IN 2009, AN AFRICAN-AMERICAN PRESIDENT held a Passover seder in the White House. Chew on that for a second. Time was, such a scene was not just improbable; it was laughable—literally— the kind of setup a Borscht Belt comedian or late-night TV host would use for an easy punch line. And laughter was the best you could have hoped for. Let too many people think too long about the real prospect of a black President’s hosting a Jewish ceremony in the U.S. Executive Mansion and, well, it doesn’t pay to contemplate the kinds of demons you might unleash.

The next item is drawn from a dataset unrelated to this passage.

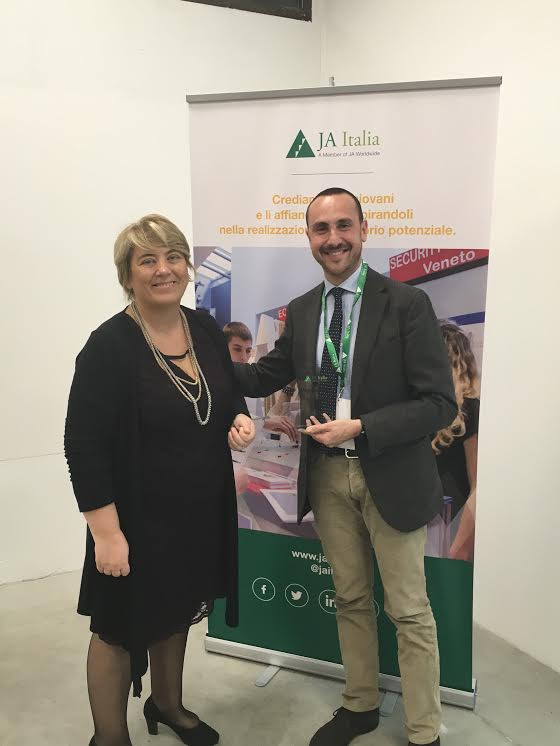 Eliana Baruffi di Junior Achievement Italia e Antonio Perdichizzi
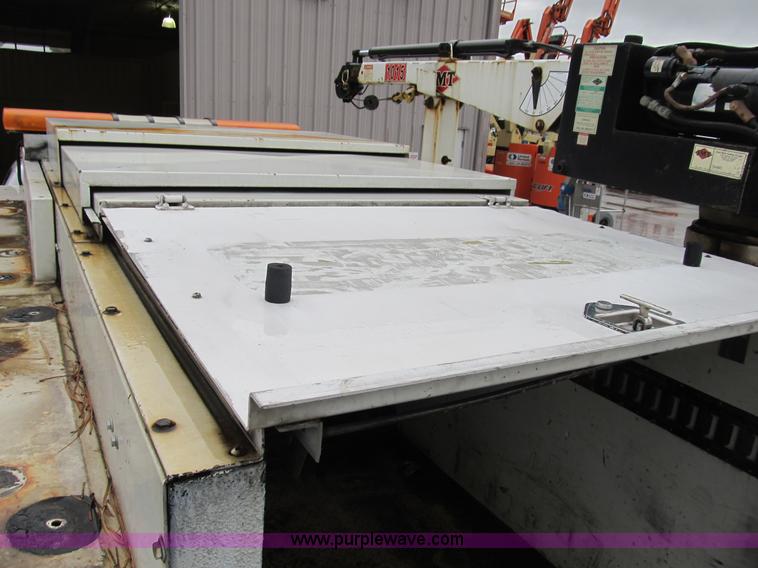 image for item B2909 2007 Ford F550 XL Super Duty service truck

TIME Your Brain: A User’s Guide Article on Race and the Raging Brain

But that was then, this is now, and President Barack Obama’s historic seder registered as a one-day, three- paragraph story tucked somewhere inside the morning newspaper. The fact that the moment made so little news might be bigger news than the seder itself. The human species is not always a rational one, but we have managed to move along in a ragged march that for all its setbacks has been a steady climb from savagery to civilization, from subsistence to the grand achievements of art and science and philosophy. And in the midst of all that, there’s been the bloody matter of race.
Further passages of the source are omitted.